Lastly, one of the reasons I was posting this is because I was hoping to visit my brother this weekend (he lives 4 hrs away). My wife said I could go if I want, but doesn't seem like she wants to go. I'm not sure if I should stay home (since the whole reason she's giving up on the marriage is because she feels I didn't spend enough time with her) or give her some alone time and do this whole 180 thing?

What do you guys think?

P.s, I'm a bit surprised I only have 1 response out of over 200 views. Not as much attention as I was expecting based on my past experience here.


----------



## azteca1986 (Mar 17, 2013)

JukeboxHero said:


> P.s, I'm a bit surprised I only have 1 response out of over 200 views. Not as much attention as I was expecting based on my past experience here.

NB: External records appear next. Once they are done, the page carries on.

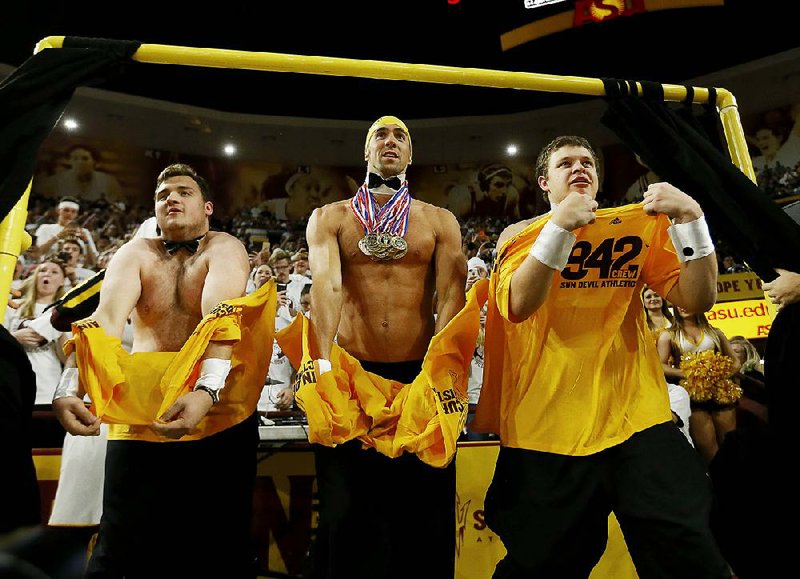 Olympic swimmer Michael Phelps was successful in helping Arizona State students distract an Oregon State player at the free-throw line in the Sun Devils’ victory Thursday.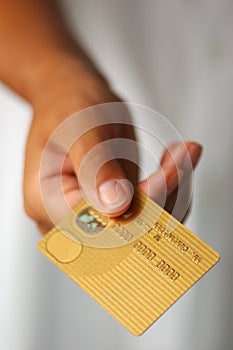 Hand With a Gold Credit Card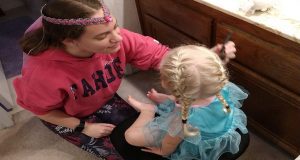 Toddler receiving a princess makeover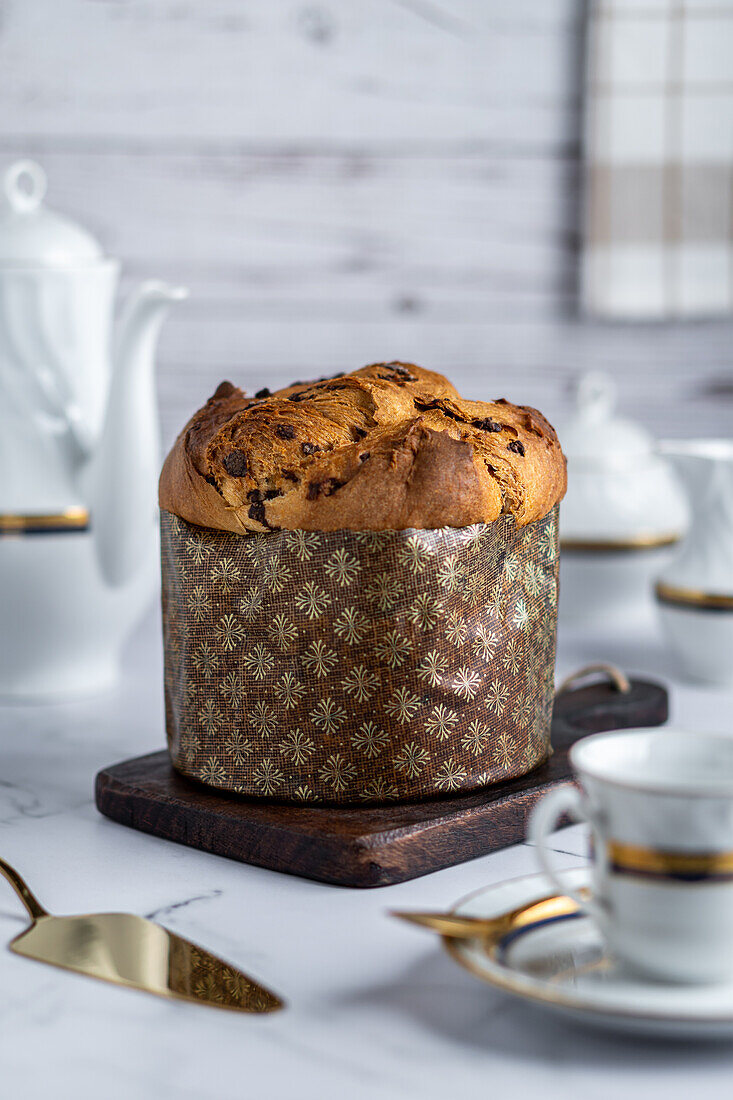 Rustikaler traditioneller Weihnachts-Panettone-Kuchen mit Rosinen auf Holzbrett zwischen luxuriösem Frühstücksgeschirr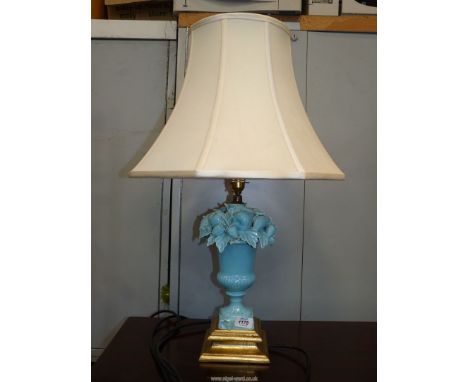A pale blue ceramic Table Lamp with square gilt base, the lamp having applied fruit and foliage to the top, (some damage), wi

To be honest I saw your post last night, but did not know what to say. I posted in your "massacre" thread on the 29th March that if you didn't get your head out of your arse you'd have a Walk-Away-Wife on your hands. And here we are 18 days later. And I'm still not sure what advice to give you.


> Lastly, one of the reasons I was posting this is because I was hoping to visit my brother this weekend (he lives 4 hrs away). My wife said I could go if I want, but doesn't seem like she wants to go. I'm not sure if I should stay home (since *the whole reason she's giving up on the marriage *is because she feels I didn't spend enough time with her) or give her some alone time and do this whole 180 thing?

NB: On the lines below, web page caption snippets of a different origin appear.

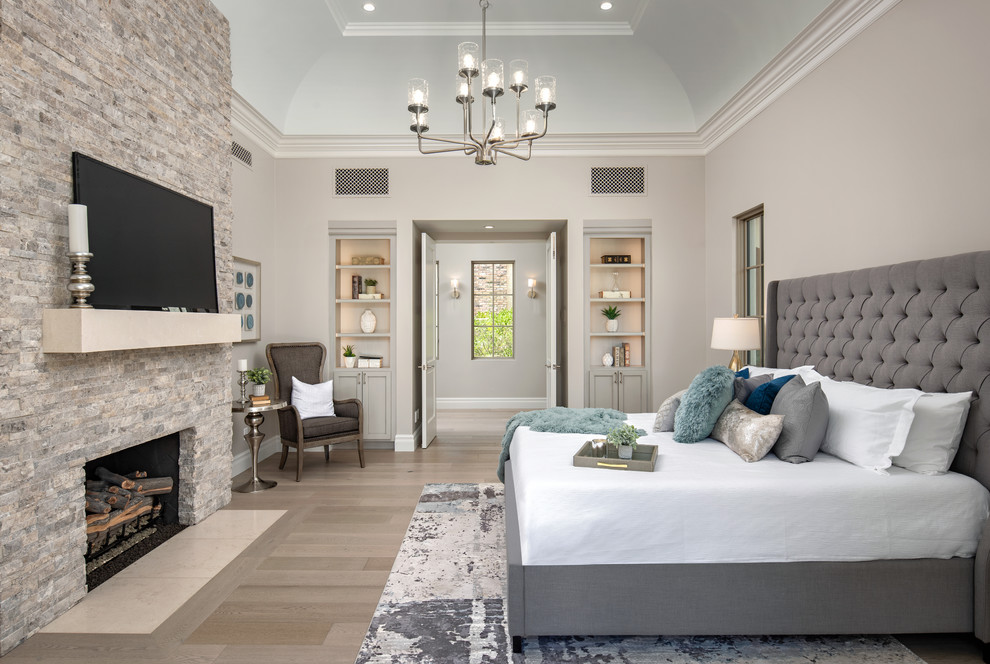 Inspiration for a transitional master bedroom in Phoenix with beige walls, light hardwood floors, a standard fireplace, a stone fireplace surround and beige floor.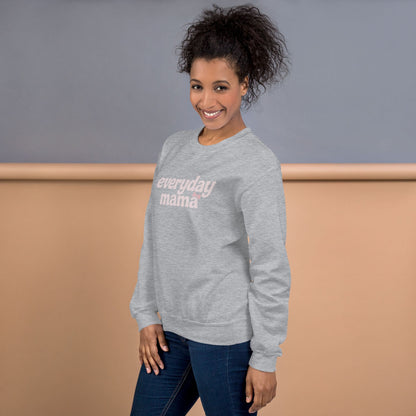 Woman wearing a gray sweatshirt with 'everyday mama' text against a plain background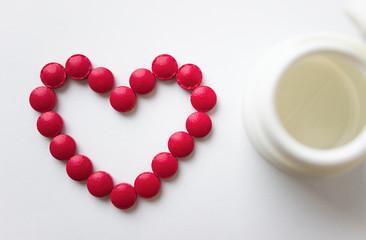 The red tablets are arranged in the shape of a heart. Red heart pills with a plastic jar. The concept of a healthy heart.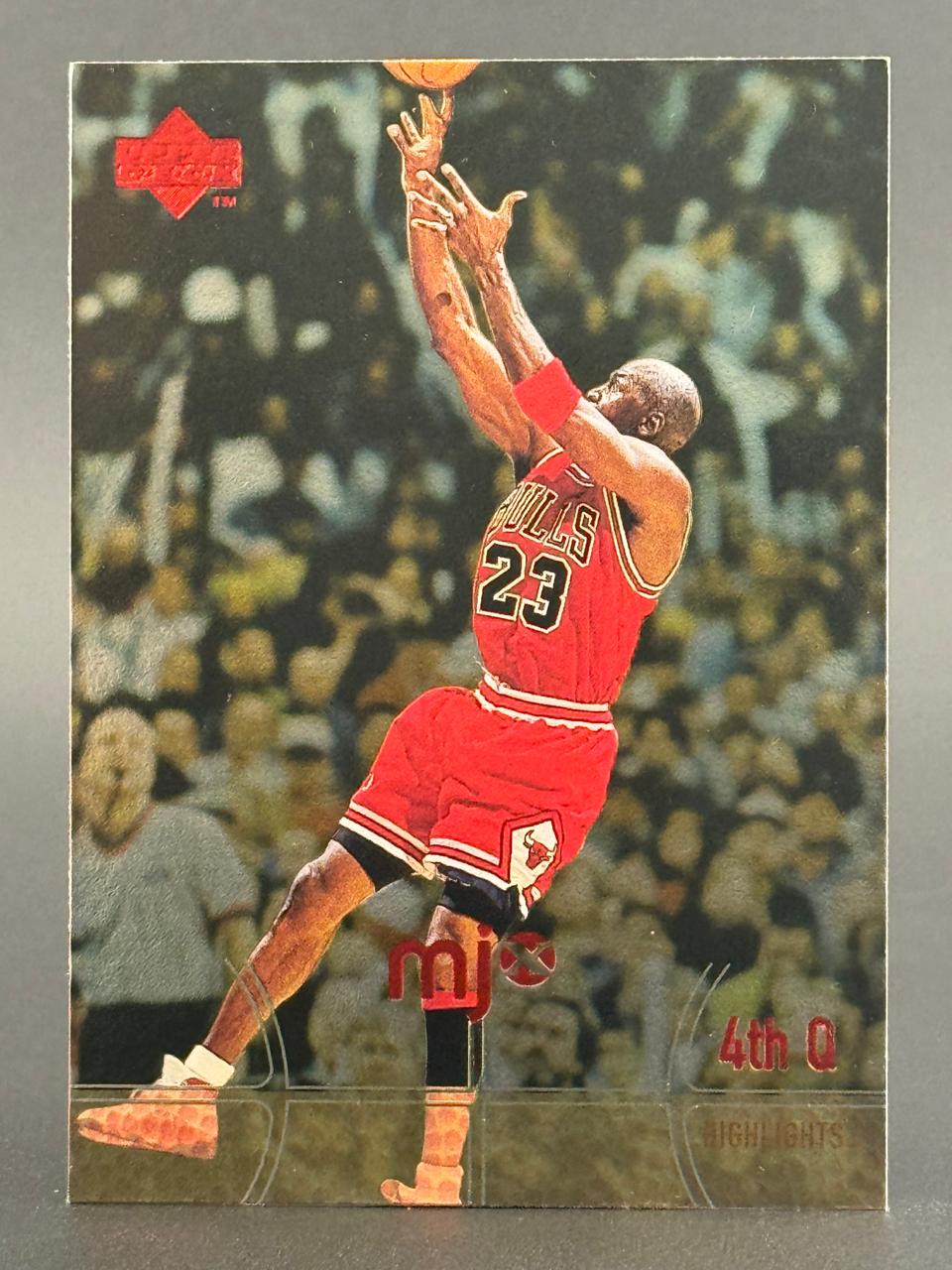 Michael Jordan trading card showing him shooting, with "4th Q" and "Highlights" text.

This kind of mis-representation won't help you. She told you over and over what she expected of you.

Your marriage is in i's death throes and you want to know whether this would be the opportune time to visit your brother. Wives aren't things you fit in whilst you carry on with the rest of your life.

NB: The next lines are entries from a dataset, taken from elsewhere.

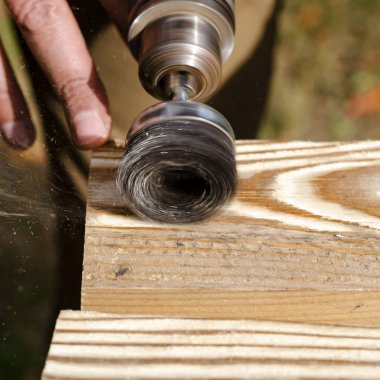 Ahşap işleme. Elektrikli aleti olan bir adamın elleri.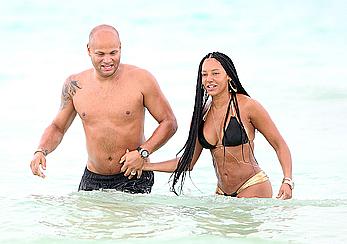 Melanie Brown in bikini candids on the beach in Mexico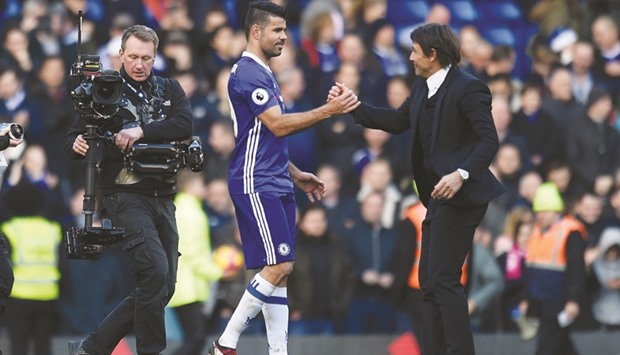 Chelsea manager Antonio Conte celebrates after the game with Diego Costa.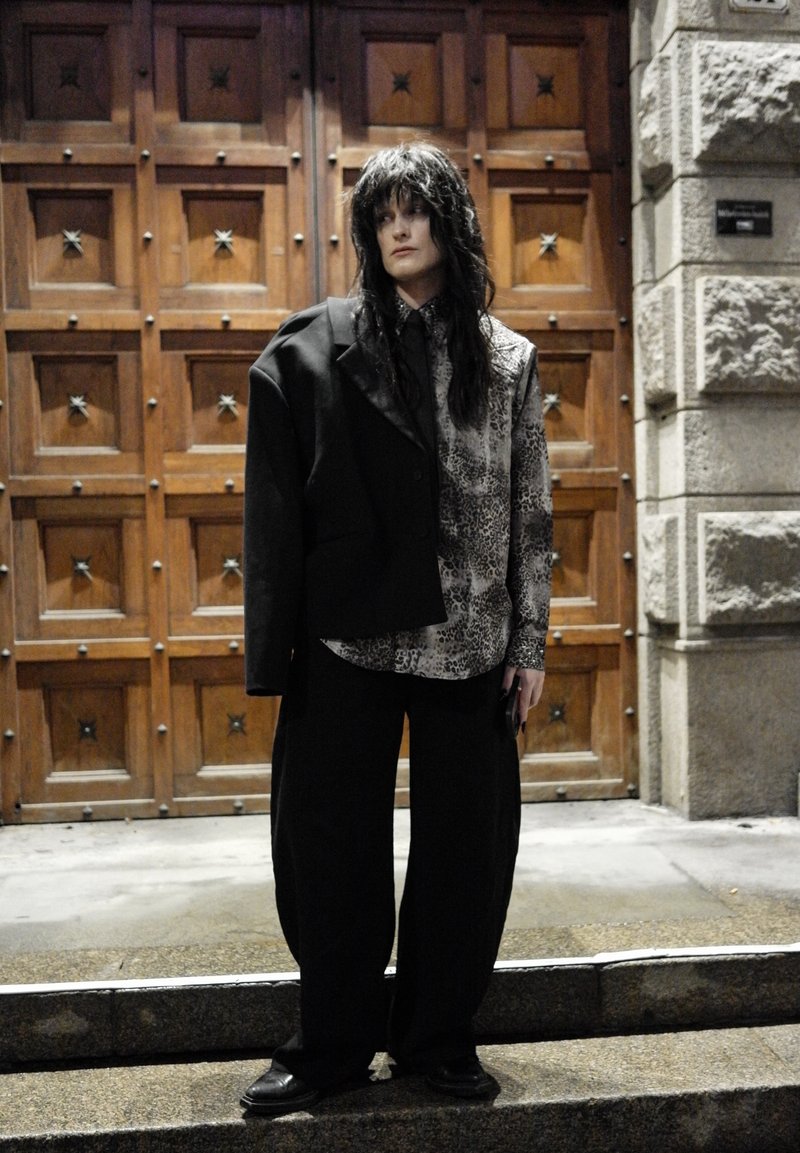 Veste noire oversize portée sur une chemise à motifs gris et blanc, associée à un pantalon large noir et des chaussures noires. Porte en bois avec des détails en forme d'étoile.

What to do you think? What you want? Are you really cut out for marriage (at this time)?


----------



## 3Xnocharm (Jun 22, 2012)

I would say yes, go visit your brother if you want to. Hovering around her isnt doing you a damn bit of good, and probably just annoying the crap out of her.


----------



## grushim1239 (Apr 13, 2015)

From a woman's perspective I think she's done with marriage. I see myself treating my husband the same way. We were separated for 4 months, and had actually filed for divorce. I allowed him to come back home because of the "changes" that he had made. Well 4 months into our reconciliation and the "changes" are gone and the "old man" has come back. And to be honest, he's not all bad. He has his good qualities. And as bad as I feel about it, I'm not happy. I'm actually miserable. I just don't love him as a wife should love her husband. I mean I care about him, I just don't want to be married.


----------



## Wiredtired (Apr 16, 2015)

This sounds like my marriage....my wife is very into her computer time, Facebook games, etc. Here's some advice....screw the games. My wife has made it very clear that I am not a priority for her. Take it from someone who is living this. The computer, games, etc. are a bunch mindless bull****. You need to focus on your wife and fix this.


----------



## LongWalk (Apr 4, 2013)

What hobbies bugged her?

Are you in good physical shape?

Read Bagdon's thread. DayOne, could also help.


----------



## Colonel Angus (Apr 11, 2015)

Sir, the more successful men with women have always been willing to let them go. They know that if the woman is no longer in love or attracted to them, that it is pointless and unattractive to not let go and hold on to her. They know how to vow out gracefully and so should you.


----------



## maritalloneliness (Mar 18, 2015)

I want to know in general why men stop doing the things that "caught" us when dating. When a man is in pursuit mode, they are so attentive, caring and exciting, then we get married and it stops. Women then are left wondering what the hell happened? It's almost like a switch a roo. We crave our husband's attention, affection, love and physical touch especially outside the bedroom. We discuss this with our girlfriends, family and sometimes coworkers because we're looking for reasons why we now have a stranger for a spouse. This could go on for years with the wife often trying to bring this frustration to the husband only for it to be minimized. Same thing that happened in my marriage. When asked my WH why men do that-his response was why would I continue to do all those things when I already got you. Needless to say, I felt unappreciated. It was actually his A that opened my eyes that I can leave this relationship just as he was able to. the part of my vows - for me till death do we part- was serious to me not so much him. I became withdrawn and stopped expressing my love for him by all the little things that women do for someone they love-like saying I love you, calling him at work to see how his day is going, sending the kids over to family so we can have time alone etc and stopped having sex with him. He became confused and attempted to re engage but like your wife my heart was hardened and wasn't receptive of what he was doing or saying. I set out to find myself and went to counseling alone b/c he refused and it was through the sessions that I've learned to express my wants for the marriage and what I needed from him. I can't force him into counseling but I can improve me to set boundaries and demand what I need in the relationship. So, my advice is to attempt counseling especially with her being Catholic and find some enjoyable activities that can foster an emotional bond between you and her. If she won't go to counseling with you then go alone at least she will see the changes that you are making to better yourself to become a more conscientious partner.


----------



## Holland (Aug 20, 2012)

You allowed the marriage to die a long time ago, sorry but it sounds like too little, too late.


----------



## jdawg2015 (Feb 12, 2015)

Holland said:


> You allowed the marriage to die a long time ago, sorry but it sounds like too little, too late.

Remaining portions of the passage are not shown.